| 
 CANNON-DANCER di @Luca 
Abiusi 
 Tutto 
ha inizio quando
Isuke decide di realizzare il sequel di 
Strider Hiryu. Ma con 
Mitchell, che dalla Capcom se n’era andato sbattendo la porta ma quel che è 
certo, è che la derivante nuova sinergia creativa dà luogo a una
    opera singolare, notevolissima dal punto di vista iconografico non che stimolante 
dentro al percorso
    ludico associato: come lo Strider, Osman – da titolo occidentale – opziona i salti acrobatici a mulinello, si
    arrampica sulle pareti come un ragno e quindi rimarca le tempistiche del 
combattimento stylish. In un mondo di acidità cromatiche diffuse a vista Osman edifica 
per questo una
    fantascienza concernente lo spiritualismo, a indurre una situazione di 
grande caos, votandosi ai simbolismi 
delle culture mediorientali. E una volta ancora si insinua l’allucinazione 
dei palazzi, e questa visione appartenente a un distante futuro di omologazione 
e Gestapo, che vuole le auto
    allungarsi dentro a scatole-parcheggio oblique.
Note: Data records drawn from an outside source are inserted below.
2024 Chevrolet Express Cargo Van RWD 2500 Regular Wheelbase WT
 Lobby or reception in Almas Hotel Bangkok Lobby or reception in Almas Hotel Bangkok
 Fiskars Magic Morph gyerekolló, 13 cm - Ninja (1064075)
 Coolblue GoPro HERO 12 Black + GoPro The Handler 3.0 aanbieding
    La intensificazione del ritmo, 
	occorsa come evoluzione necessaria delle arti marziali, si traduce in un 
	balzo che trasforma
    il protagonista in lama rotante. Osman è l’esaltazione della coreografia 
	volante. L’eroe
    si libra fra gli ampi spazi asserviti al level design per eseguire balletti aerei
    di letale efficacia, dimodoché il nemico diventi parte adiacente – e non 
	esterna – alla struttura del gameplay; che si tratti di produrre un attacco 
	ravvicinato o una piroetta, il volere “registico” rimane centrale, sì che il fruitore 
	viene costantemente posto all’esame delle soluzioni di attacco continuato, 
	da parete ad appiglio, a cadere sulla testa dei soldati, o quello che sono. 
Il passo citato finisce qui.